_What you are asked to do_
Under this line is some data; print exactly the lines from the one containing "A zoomed view" through its last line, without pictures.

_Data extract_

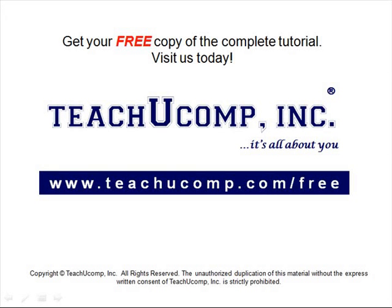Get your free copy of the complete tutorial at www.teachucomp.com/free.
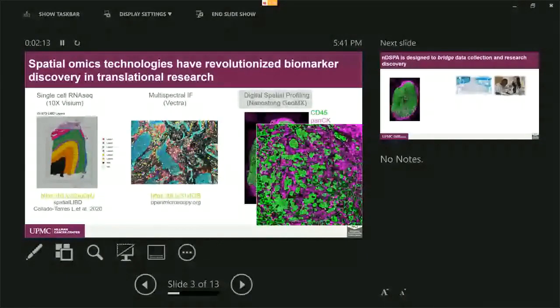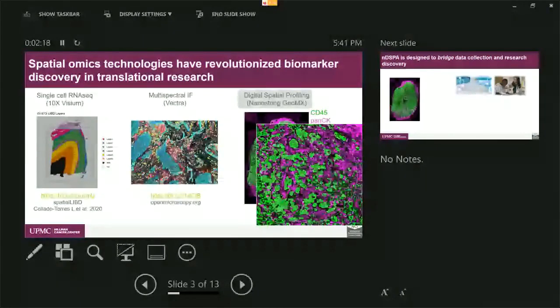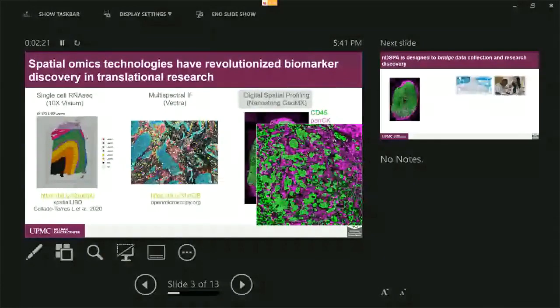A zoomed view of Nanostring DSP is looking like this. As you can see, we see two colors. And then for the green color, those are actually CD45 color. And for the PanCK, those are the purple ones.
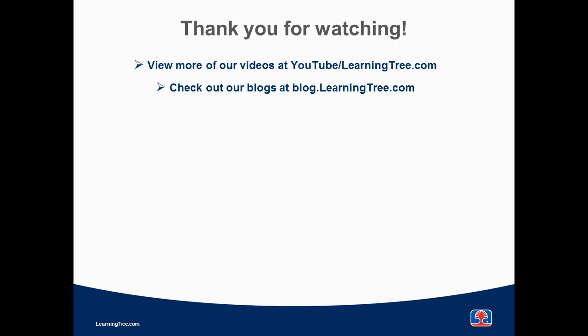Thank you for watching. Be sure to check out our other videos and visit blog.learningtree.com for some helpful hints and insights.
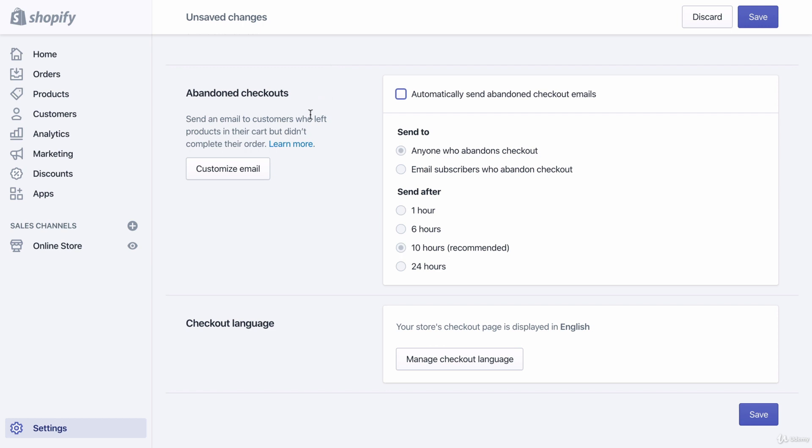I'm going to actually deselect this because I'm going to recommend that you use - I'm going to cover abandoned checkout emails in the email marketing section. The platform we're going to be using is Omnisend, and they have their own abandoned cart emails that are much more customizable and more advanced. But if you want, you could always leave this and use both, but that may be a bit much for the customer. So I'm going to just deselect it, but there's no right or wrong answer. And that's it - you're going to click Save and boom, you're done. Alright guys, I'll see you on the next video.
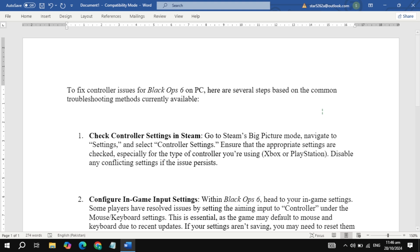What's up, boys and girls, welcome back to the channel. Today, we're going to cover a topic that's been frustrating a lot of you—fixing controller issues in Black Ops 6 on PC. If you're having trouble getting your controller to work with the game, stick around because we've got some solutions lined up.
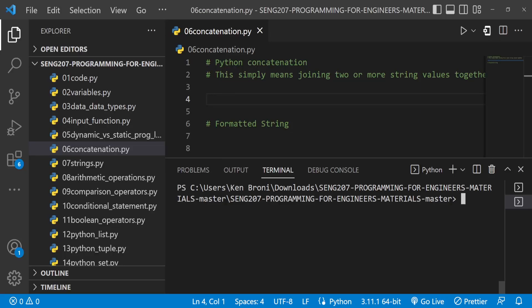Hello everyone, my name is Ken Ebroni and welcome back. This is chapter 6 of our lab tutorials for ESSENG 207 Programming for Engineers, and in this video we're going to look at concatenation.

_Exercise output_
A zoomed view of Nanostring DSP is looking like this. As you can see, we see two colors. And then for the green color, those are actually CD45 color. And for the PanCK, those are the purple ones.
Thank you for watching. Be sure to check out our other videos and visit blog.learningtree.com for some helpful hints and insights.
I'm going to actually deselect this because I'm going to recommend that you use - I'm going to cover abandoned checkout emails in the email marketing section. The platform we're going to be using is Omnisend, and they have their own abandoned cart emails that are much more customizable and more advanced. But if you want, you could always leave this and use both, but that may be a bit much for the customer. So I'm going to just deselect it, but there's no right or wrong answer. And that's it - you're going to click Save and boom, you're done. Alright guys, I'll see you on the next video.
What's up, boys and girls, welcome back to the channel. Today, we're going to cover a topic that's been frustrating a lot of you—fixing controller issues in Black Ops 6 on PC. If you're having trouble getting your controller to work with the game, stick around because we've got some solutions lined up.
Hello everyone, my name is Ken Ebroni and welcome back. This is chapter 6 of our lab tutorials for ESSENG 207 Programming for Engineers, and in this video we're going to look at concatenation.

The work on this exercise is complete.